Dan mereka bertiga lalu menghampiri Hay Hay yang tidak beranjak dari tempatnya. Anak ini memang cerdik. Melihat betapa di kanan kirinya terdapat banyak pohon-pohon besar, dia menganggap bahwa tempat itu amat baik untuk dipakai kucing-kucingan dan menghindarkan diri dari penangkapan tiga orang pendeta itu. Biarpun dia sudah menguasai Jiauw-pouw-poan-soan dan Yan-cu Coan-in, akan tetapi di tempat terbuka, disergap tiga orang pendeta yang tentu memiliki ilmu kepandaian tinggi itu, sungguh berbahaya.

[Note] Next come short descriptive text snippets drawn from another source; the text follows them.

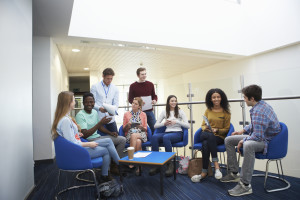 College Students Having Informal Meeting With Tutors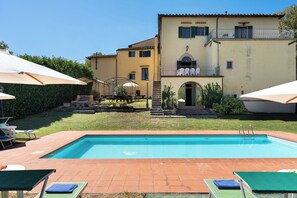 Une piscine avec des chaises longues et des parasols, un bâtiment doté d’un balcon et un jardin bien entretenu.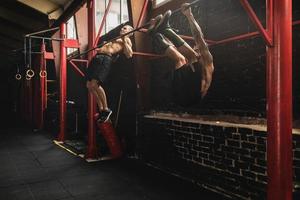 Two strong men doing exercise on bars in the gym photo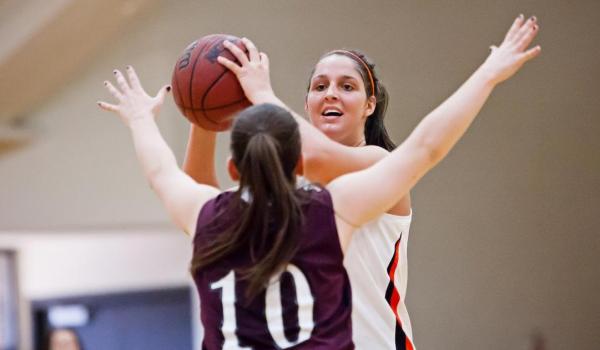 Katherine Johnston playing basketball. 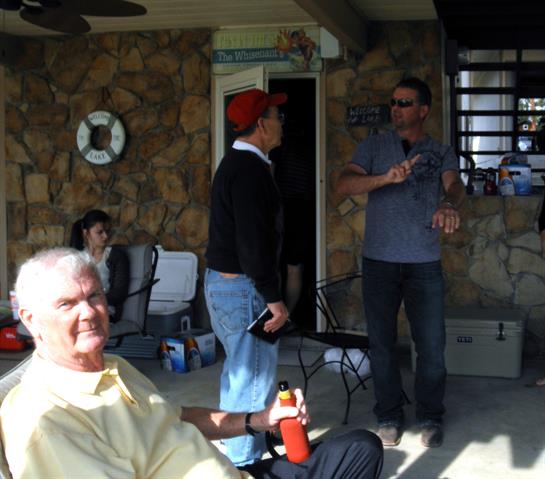 Friends share stories and laughter on a sunny patio, enjoying drinks and each other's company.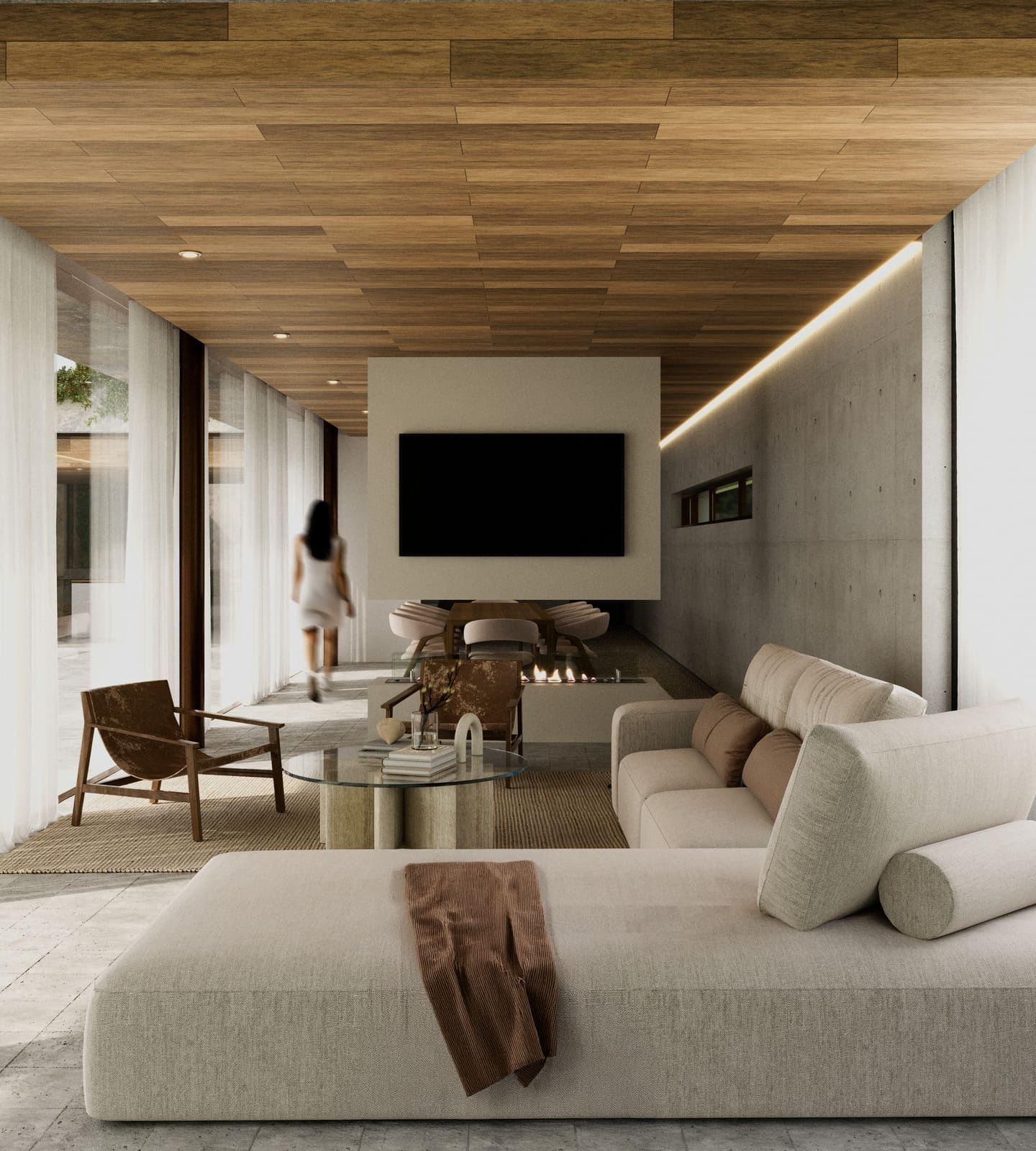 Moderna sala de estar con techo de madera, chimenea y una persona caminando hacia una pared de vidrio.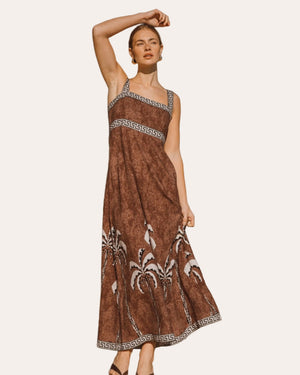 Woman in a brown dress with patterns standing on a sandy path with greenery in the background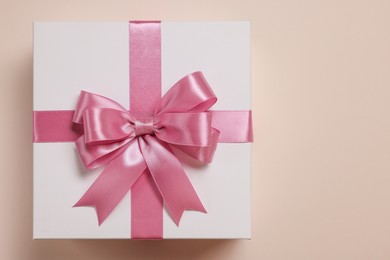 Photo of Gift box with bow on beige background, top view. Space for text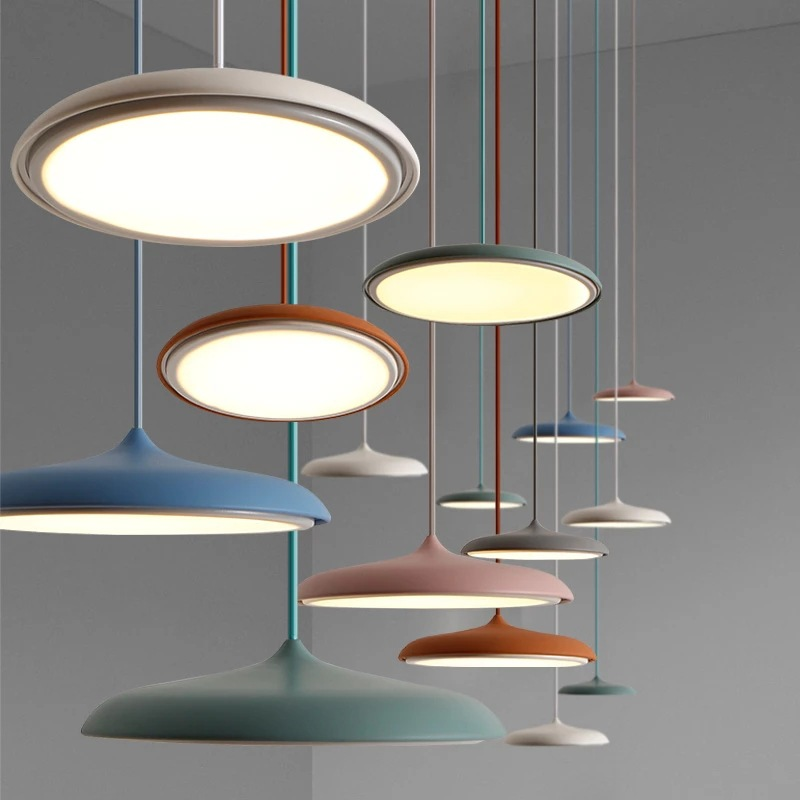 Geometric LED pendant light, sleek modern design in white or black metal.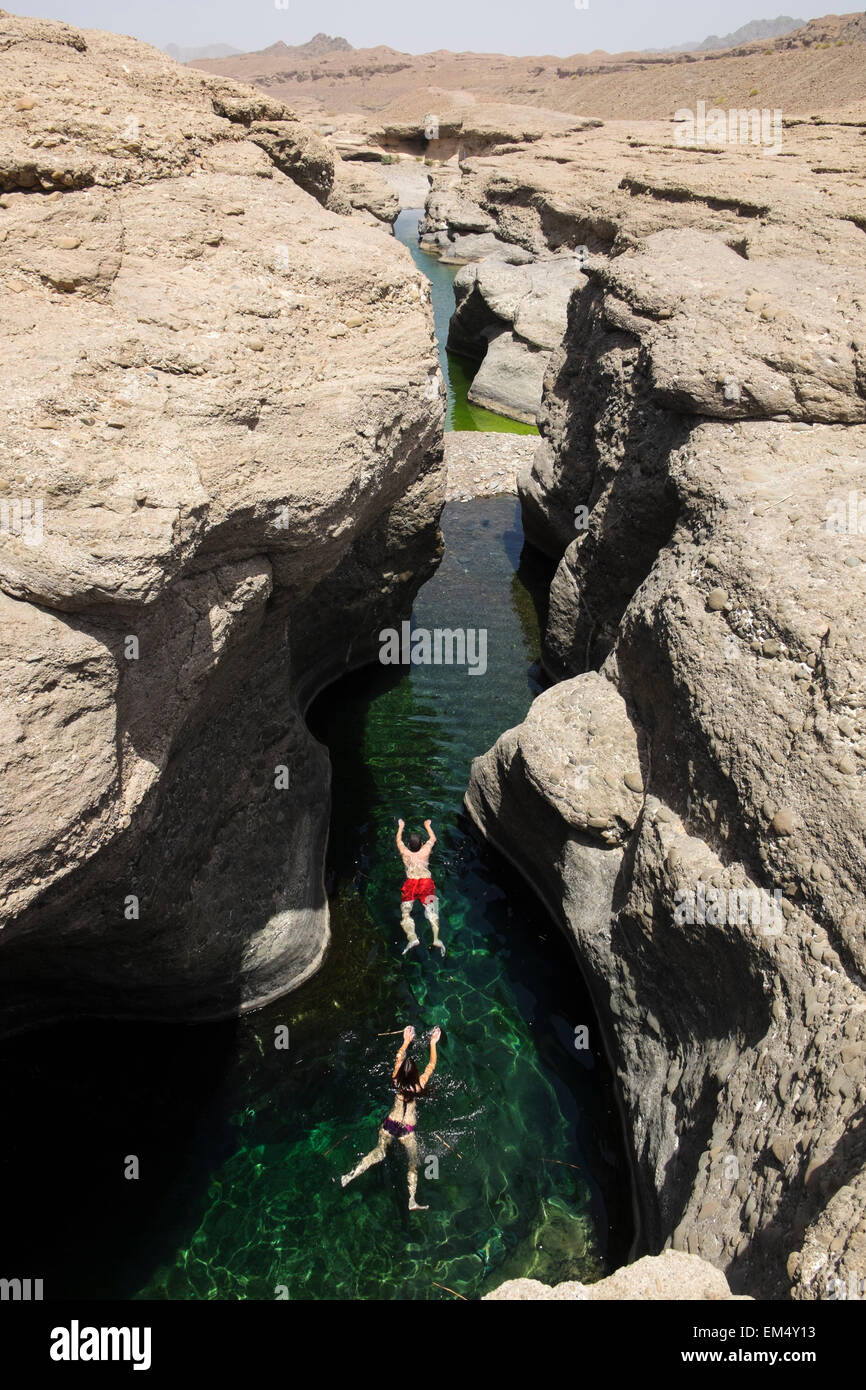 Touristen, die Schwimmen im Hatta Rock Pools natürliche Frische Wasserquellen in Oman Stockfoto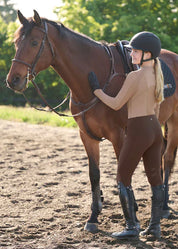 Woman standing with a horse wearing brown riding tights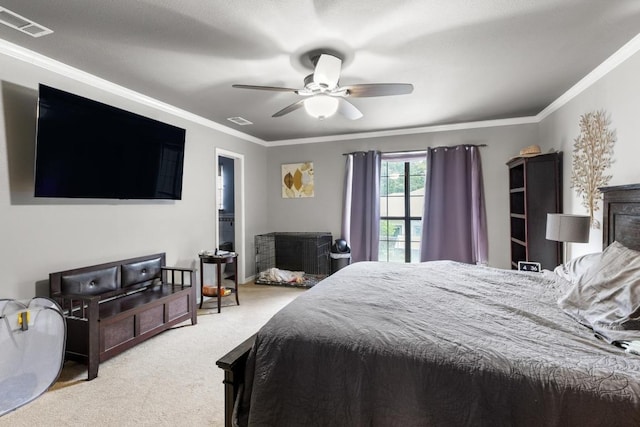 bedroom with visible vents, crown molding, and carpet floors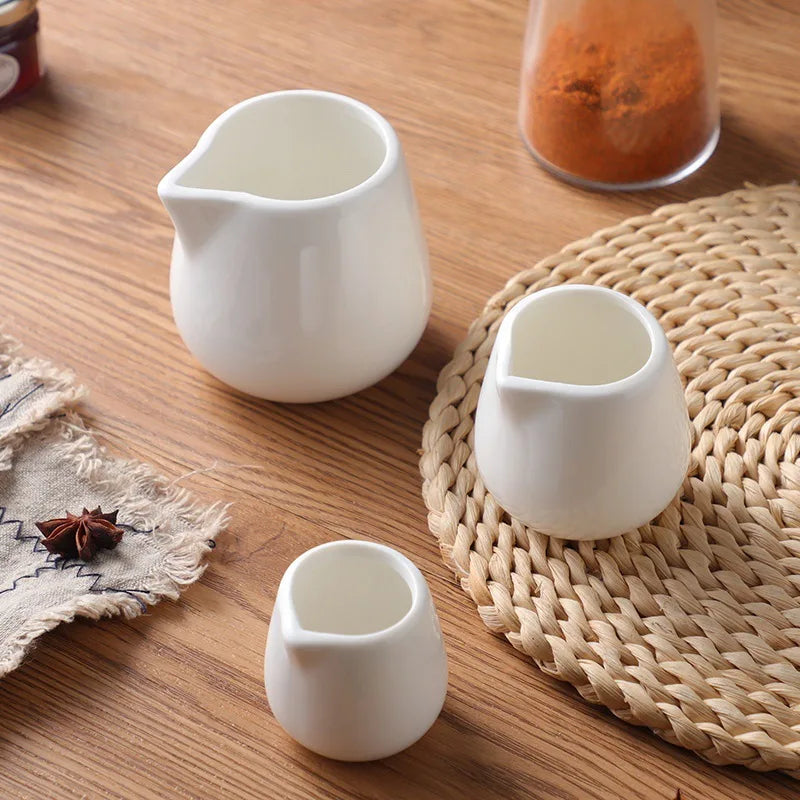 YWDL 50/100/220ML Ceramic Milk Jug Espresso Coffee Cream Jugs Kitchen Sauce Cup Serving Pitcher White Heat-resistant Milk Cup Quake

Kalau berada di antara pohon-pohon, dia dapat memanfaatkan batang-batang pohon itu untuk membantunya. Tiga orang pendeta Lama itu kini sudah tiba dekat dan tiba-tiba saja Si Jangkung berjenggot menubruk ke arah Hay Hay tanpa banyak cakap lagi. Tangan kirinya menyambar ke arah tengkuk dan tangan kanan menyambar lengan kiri Hay Hay. Sambarannya itu amat cepatnya akan tetapi bagi Hay Hay nampak lambat sehingga dengan mudah saja dia mendahului mengelak dengan lompatan ke belakang dan miringkan tubuhnya. Melihat ini, dua orang pendeta lainnya menyergapnya dari kanan kiri. Gerakan mereka juga cepat sekali dan bagaikan dua ekor biruang mereka menubruk dengan kedua lengan terpentang lebar, kedua tangan membentuk cakar untuk mencengkeram.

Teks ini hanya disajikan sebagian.